What the task requires | Your answer should be the entire listing, printed exactly.
____
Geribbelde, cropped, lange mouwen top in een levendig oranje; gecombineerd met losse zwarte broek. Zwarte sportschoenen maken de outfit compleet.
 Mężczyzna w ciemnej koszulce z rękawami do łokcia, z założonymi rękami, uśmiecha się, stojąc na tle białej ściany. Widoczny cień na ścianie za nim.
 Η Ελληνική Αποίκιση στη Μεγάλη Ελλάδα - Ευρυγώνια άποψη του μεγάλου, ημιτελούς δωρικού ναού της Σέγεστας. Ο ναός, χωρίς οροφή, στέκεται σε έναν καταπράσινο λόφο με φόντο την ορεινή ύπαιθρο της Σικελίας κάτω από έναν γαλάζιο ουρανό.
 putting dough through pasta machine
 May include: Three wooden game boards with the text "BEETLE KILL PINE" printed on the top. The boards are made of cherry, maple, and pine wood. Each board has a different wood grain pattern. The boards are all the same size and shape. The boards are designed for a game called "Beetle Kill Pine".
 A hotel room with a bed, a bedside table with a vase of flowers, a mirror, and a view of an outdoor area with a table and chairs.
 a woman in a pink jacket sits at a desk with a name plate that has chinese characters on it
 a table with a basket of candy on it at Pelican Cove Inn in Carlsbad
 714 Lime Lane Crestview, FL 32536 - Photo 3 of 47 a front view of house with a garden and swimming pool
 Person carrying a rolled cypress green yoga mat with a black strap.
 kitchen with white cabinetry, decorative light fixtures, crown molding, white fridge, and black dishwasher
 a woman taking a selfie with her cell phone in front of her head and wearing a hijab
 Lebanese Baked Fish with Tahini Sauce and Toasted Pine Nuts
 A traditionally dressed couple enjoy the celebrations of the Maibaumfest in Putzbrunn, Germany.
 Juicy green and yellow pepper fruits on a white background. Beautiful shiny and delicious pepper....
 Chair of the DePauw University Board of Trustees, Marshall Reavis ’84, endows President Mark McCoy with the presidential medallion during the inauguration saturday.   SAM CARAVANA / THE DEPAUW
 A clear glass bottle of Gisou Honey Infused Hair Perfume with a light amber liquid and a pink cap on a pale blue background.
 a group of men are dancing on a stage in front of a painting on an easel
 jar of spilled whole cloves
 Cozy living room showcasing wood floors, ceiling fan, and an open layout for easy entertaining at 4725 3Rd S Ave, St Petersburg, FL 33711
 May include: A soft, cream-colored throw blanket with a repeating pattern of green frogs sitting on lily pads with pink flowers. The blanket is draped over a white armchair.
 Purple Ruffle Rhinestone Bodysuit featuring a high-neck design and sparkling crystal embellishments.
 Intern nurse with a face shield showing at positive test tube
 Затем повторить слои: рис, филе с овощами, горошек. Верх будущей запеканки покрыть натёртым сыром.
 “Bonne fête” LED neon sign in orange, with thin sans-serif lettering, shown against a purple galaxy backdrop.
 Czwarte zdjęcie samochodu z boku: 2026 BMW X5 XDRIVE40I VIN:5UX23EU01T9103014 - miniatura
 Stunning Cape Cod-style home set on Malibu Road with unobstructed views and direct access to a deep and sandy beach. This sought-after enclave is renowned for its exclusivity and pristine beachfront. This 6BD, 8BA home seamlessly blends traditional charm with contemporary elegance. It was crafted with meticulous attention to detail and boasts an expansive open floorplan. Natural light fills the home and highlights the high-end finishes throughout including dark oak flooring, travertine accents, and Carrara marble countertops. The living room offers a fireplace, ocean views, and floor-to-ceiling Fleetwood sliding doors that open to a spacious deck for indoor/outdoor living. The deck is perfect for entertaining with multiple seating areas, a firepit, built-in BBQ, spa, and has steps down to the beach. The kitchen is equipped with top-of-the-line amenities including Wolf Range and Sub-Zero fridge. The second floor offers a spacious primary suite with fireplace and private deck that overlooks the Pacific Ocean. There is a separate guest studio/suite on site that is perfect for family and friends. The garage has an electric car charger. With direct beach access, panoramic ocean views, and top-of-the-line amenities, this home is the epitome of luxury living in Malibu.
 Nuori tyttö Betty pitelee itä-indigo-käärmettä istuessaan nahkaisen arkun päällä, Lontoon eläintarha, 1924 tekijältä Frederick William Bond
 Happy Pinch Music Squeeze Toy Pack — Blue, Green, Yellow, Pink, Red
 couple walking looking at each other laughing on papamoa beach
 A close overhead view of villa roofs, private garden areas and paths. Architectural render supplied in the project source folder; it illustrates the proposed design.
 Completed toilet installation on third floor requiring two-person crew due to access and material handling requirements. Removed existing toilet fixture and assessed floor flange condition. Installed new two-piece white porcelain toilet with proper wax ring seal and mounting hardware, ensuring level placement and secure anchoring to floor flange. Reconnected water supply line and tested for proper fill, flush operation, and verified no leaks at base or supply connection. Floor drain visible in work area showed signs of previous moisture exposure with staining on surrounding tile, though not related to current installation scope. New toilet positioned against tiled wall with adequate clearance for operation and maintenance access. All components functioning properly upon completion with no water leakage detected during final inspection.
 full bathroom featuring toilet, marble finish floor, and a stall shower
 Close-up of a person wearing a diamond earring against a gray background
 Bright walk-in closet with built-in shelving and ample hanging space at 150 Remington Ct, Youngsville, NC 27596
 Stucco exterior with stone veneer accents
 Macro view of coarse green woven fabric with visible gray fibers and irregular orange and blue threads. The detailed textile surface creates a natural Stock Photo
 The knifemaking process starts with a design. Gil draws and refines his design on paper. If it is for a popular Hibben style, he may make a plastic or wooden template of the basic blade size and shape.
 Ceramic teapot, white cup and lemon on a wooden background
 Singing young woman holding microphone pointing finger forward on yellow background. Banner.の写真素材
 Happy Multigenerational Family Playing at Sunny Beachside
____
Task solution |
Geribbelde, cropped, lange mouwen top in een levendig oranje; gecombineerd met losse zwarte broek. Zwarte sportschoenen maken de outfit compleet.
 Mężczyzna w ciemnej koszulce z rękawami do łokcia, z założonymi rękami, uśmiecha się, stojąc na tle białej ściany. Widoczny cień na ścianie za nim.
 Η Ελληνική Αποίκιση στη Μεγάλη Ελλάδα - Ευρυγώνια άποψη του μεγάλου, ημιτελούς δωρικού ναού της Σέγεστας. Ο ναός, χωρίς οροφή, στέκεται σε έναν καταπράσινο λόφο με φόντο την ορεινή ύπαιθρο της Σικελίας κάτω από έναν γαλάζιο ουρανό.
 putting dough through pasta machine
 May include: Three wooden game boards with the text "BEETLE KILL PINE" printed on the top. The boards are made of cherry, maple, and pine wood. Each board has a different wood grain pattern. The boards are all the same size and shape. The boards are designed for a game called "Beetle Kill Pine".
 A hotel room with a bed, a bedside table with a vase of flowers, a mirror, and a view of an outdoor area with a table and chairs.
 a woman in a pink jacket sits at a desk with a name plate that has chinese characters on it
 a table with a basket of candy on it at Pelican Cove Inn in Carlsbad
 714 Lime Lane Crestview, FL 32536 - Photo 3 of 47 a front view of house with a garden and swimming pool
 Person carrying a rolled cypress green yoga mat with a black strap.
 kitchen with white cabinetry, decorative light fixtures, crown molding, white fridge, and black dishwasher
 a woman taking a selfie with her cell phone in front of her head and wearing a hijab
 Lebanese Baked Fish with Tahini Sauce and Toasted Pine Nuts
 A traditionally dressed couple enjoy the celebrations of the Maibaumfest in Putzbrunn, Germany.
 Juicy green and yellow pepper fruits on a white background. Beautiful shiny and delicious pepper....
 Chair of the DePauw University Board of Trustees, Marshall Reavis ’84, endows President Mark McCoy with the presidential medallion during the inauguration saturday.   SAM CARAVANA / THE DEPAUW
 A clear glass bottle of Gisou Honey Infused Hair Perfume with a light amber liquid and a pink cap on a pale blue background.
 a group of men are dancing on a stage in front of a painting on an easel
 jar of spilled whole cloves
 Cozy living room showcasing wood floors, ceiling fan, and an open layout for easy entertaining at 4725 3Rd S Ave, St Petersburg, FL 33711
 May include: A soft, cream-colored throw blanket with a repeating pattern of green frogs sitting on lily pads with pink flowers. The blanket is draped over a white armchair.
 Purple Ruffle Rhinestone Bodysuit featuring a high-neck design and sparkling crystal embellishments.
 Intern nurse with a face shield showing at positive test tube
 Затем повторить слои: рис, филе с овощами, горошек. Верх будущей запеканки покрыть натёртым сыром.
 “Bonne fête” LED neon sign in orange, with thin sans-serif lettering, shown against a purple galaxy backdrop.
 Czwarte zdjęcie samochodu z boku: 2026 BMW X5 XDRIVE40I VIN:5UX23EU01T9103014 - miniatura
 Stunning Cape Cod-style home set on Malibu Road with unobstructed views and direct access to a deep and sandy beach. This sought-after enclave is renowned for its exclusivity and pristine beachfront. This 6BD, 8BA home seamlessly blends traditional charm with contemporary elegance. It was crafted with meticulous attention to detail and boasts an expansive open floorplan. Natural light fills the home and highlights the high-end finishes throughout including dark oak flooring, travertine accents, and Carrara marble countertops. The living room offers a fireplace, ocean views, and floor-to-ceiling Fleetwood sliding doors that open to a spacious deck for indoor/outdoor living. The deck is perfect for entertaining with multiple seating areas, a firepit, built-in BBQ, spa, and has steps down to the beach. The kitchen is equipped with top-of-the-line amenities including Wolf Range and Sub-Zero fridge. The second floor offers a spacious primary suite with fireplace and private deck that overlooks the Pacific Ocean. There is a separate guest studio/suite on site that is perfect for family and friends. The garage has an electric car charger. With direct beach access, panoramic ocean views, and top-of-the-line amenities, this home is the epitome of luxury living in Malibu.
 Nuori tyttö Betty pitelee itä-indigo-käärmettä istuessaan nahkaisen arkun päällä, Lontoon eläintarha, 1924 tekijältä Frederick William Bond
 Happy Pinch Music Squeeze Toy Pack — Blue, Green, Yellow, Pink, Red
 couple walking looking at each other laughing on papamoa beach
 A close overhead view of villa roofs, private garden areas and paths. Architectural render supplied in the project source folder; it illustrates the proposed design.
 Completed toilet installation on third floor requiring two-person crew due to access and material handling requirements. Removed existing toilet fixture and assessed floor flange condition. Installed new two-piece white porcelain toilet with proper wax ring seal and mounting hardware, ensuring level placement and secure anchoring to floor flange. Reconnected water supply line and tested for proper fill, flush operation, and verified no leaks at base or supply connection. Floor drain visible in work area showed signs of previous moisture exposure with staining on surrounding tile, though not related to current installation scope. New toilet positioned against tiled wall with adequate clearance for operation and maintenance access. All components functioning properly upon completion with no water leakage detected during final inspection.
 full bathroom featuring toilet, marble finish floor, and a stall shower
 Close-up of a person wearing a diamond earring against a gray background
 Bright walk-in closet with built-in shelving and ample hanging space at 150 Remington Ct, Youngsville, NC 27596
 Stucco exterior with stone veneer accents
 Macro view of coarse green woven fabric with visible gray fibers and irregular orange and blue threads. The detailed textile surface creates a natural Stock Photo
 The knifemaking process starts with a design. Gil draws and refines his design on paper. If it is for a popular Hibben style, he may make a plastic or wooden template of the basic blade size and shape.
 Ceramic teapot, white cup and lemon on a wooden background
 Singing young woman holding microphone pointing finger forward on yellow background. Banner.の写真素材
 Happy Multigenerational Family Playing at Sunny Beachside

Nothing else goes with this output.